A pesar de lo anterior, estoy convencido de que en nuestras escuelas públicas es posible ofrecer un servicio de comedor con excelentes condiciones y que satisfacer a los escolares en el restaurante escolar es un propósito alcanzable.
Un día, durante el almuerzo en medio de la ajetreada hora pico del servicio, el rector realizaba su habitual recorrido por el comedor. Luego de recorrer el área y saludar en cada una de las mesas a los asistentes, fue abordado por Aristides, un joven estudiante de grado décimo, quien expresó: “Rector, con todo respeto, ¡qué almuerzo tan chimba!”. Fue una expresión espontanea que reflejaba no solo su satisfacción, sino también un sentimiento de alegría y aprobación; un eureka, si se quiere.

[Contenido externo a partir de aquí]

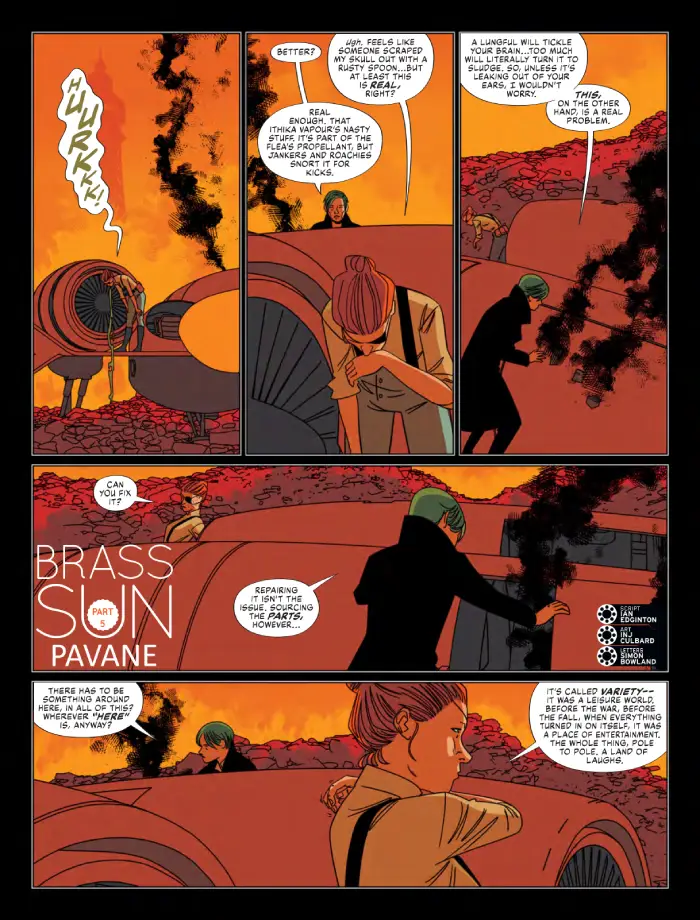 Brass Sun: Pavane part four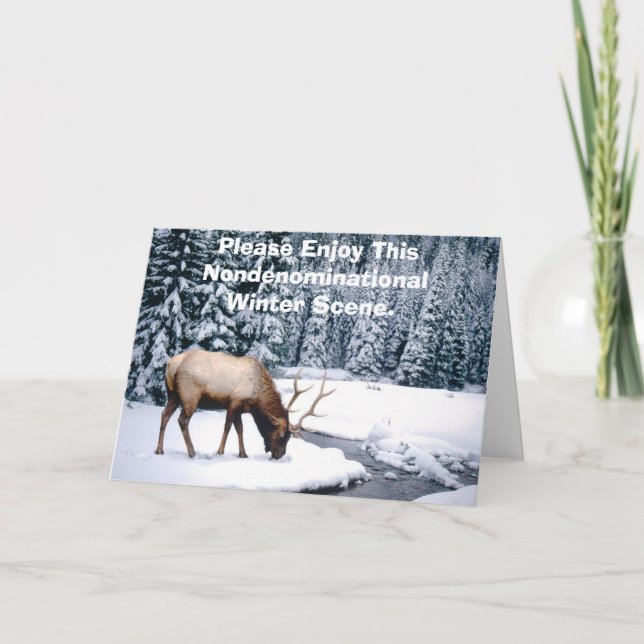 Cartes Pour Fêtes Annuelles Please Enjoy This Nondenominational Winter Scene. (Devant)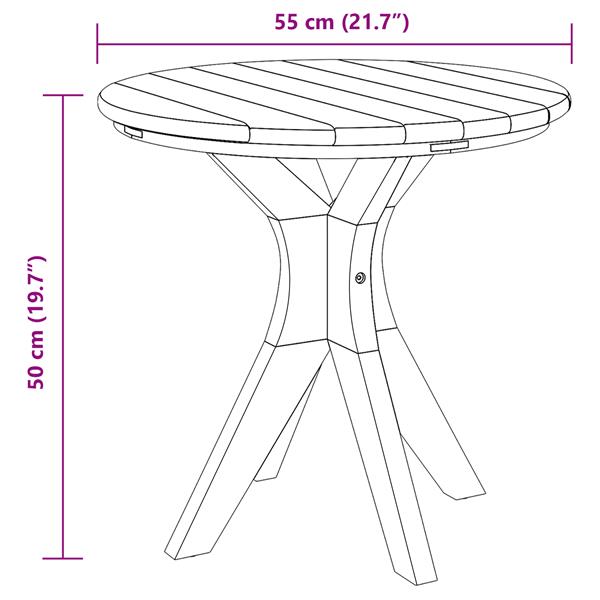 Grote foto vidaxl tuin koffietafel 55x51 cm massief teakhout tuin en terras tuinmeubelen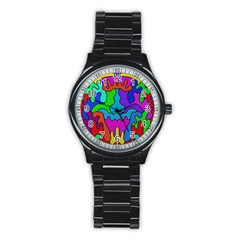 Unique Colorful Design Stainless Steel Round Watch by gasi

Esta anécdota, además de ser muy llamativa, tiene profundas implicaciones pedagógicas que merecen reflexión.
Al igual que con el PAE, la escuela y sus clases enfrentan desafíos para conectar con los estudiantes. En muchas ocasiones, la escuela no transmite, no convence, no provoca. En el restaurante escolar, esta desmotivación se refleja en el sitio donde los estudiantes depositan las sobras de los alimentos; ahí, precisamente, se encuentra el mejor indicador de lo que ha sucedido en la cocina, y ese recipiente es el termómetro que mide de forma implacable cómo anda la cosa en el restaurante. Pero si el desgano y la inapetencia, más allá del comedor escolar, está en el aula de clase y en la propia escuela, es apenas razonable preguntar cómo está siendo recibida la experiencia educativa.

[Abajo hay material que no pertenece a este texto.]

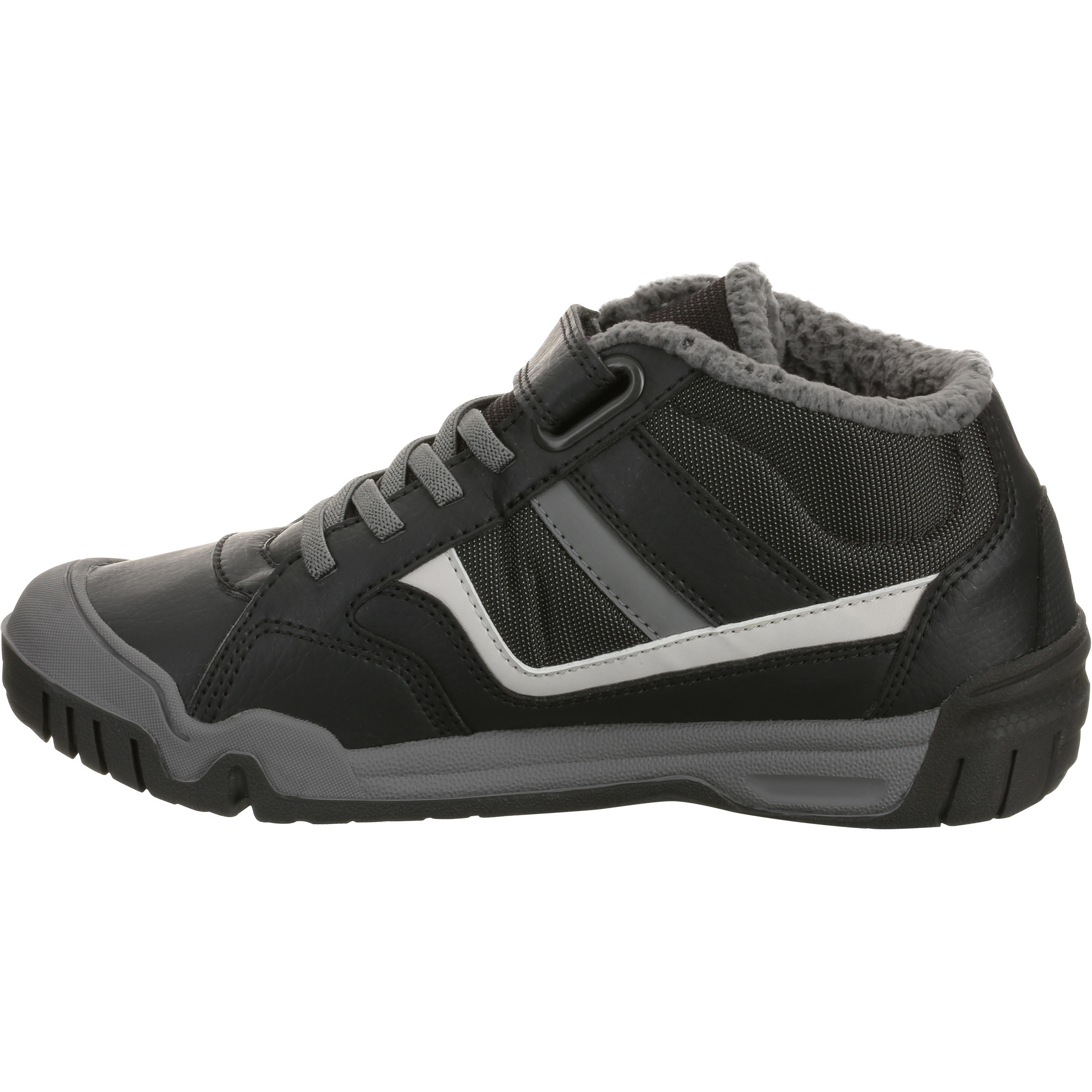 RootBoost Fur children's fitness walking shoes anthracite white 3/13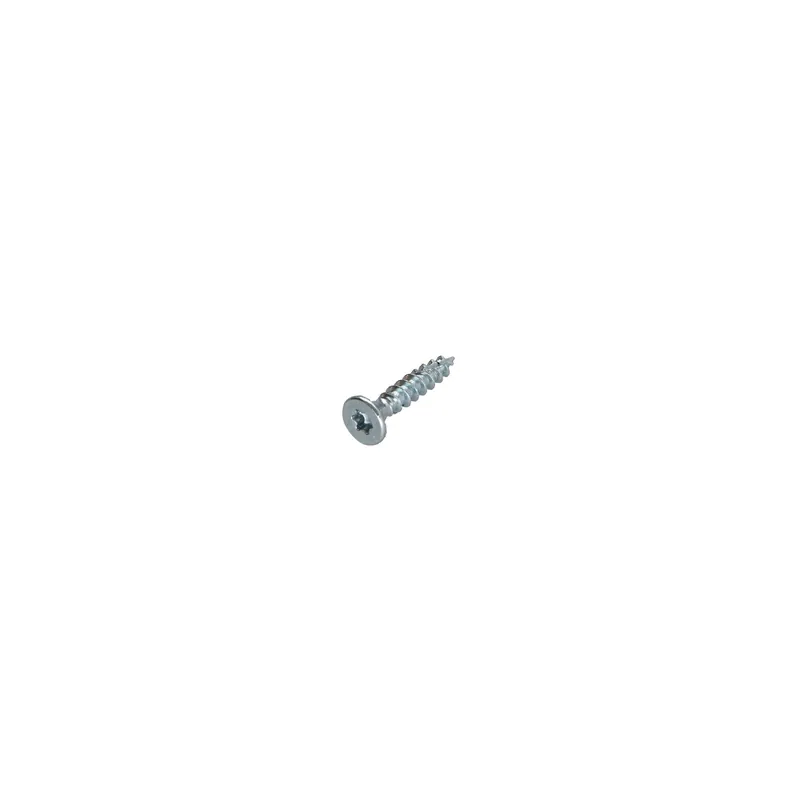 1 x Vis bois TEKOR Tête fraisée Cranté 5X25 TORX T25 Acier zingué Filetage total Pointe antifendage type 17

Me surgen entonces algunos interrogantes genuinos que merecen nuestra atención y para los cuales hoy no tengo una respuesta: ¿los maestros y directivos somos conscientes de las “sobras” de la escuela?, ¿dónde “depositan” los niños todo lo que no desean “consumir” en clase?, ¿la escuela garantiza el derecho de los niños a no “ingerir” lo que no les gusta, incluso si puede hacerles daño?, ¿qué hace la escuela para ofrecerles a los niños una experiencia educativa que los motive y les elimine los “restos” de desinterés?
En última instancia, así como Aristides encontró motivos para celebrar su almuerzo, también es posible lograr que los niños expresen su entusiasmo ante sus profesores y digan sin pena ni miedo alguno: “Profe, con todo respeto, ¡qué clase tan chimba!”.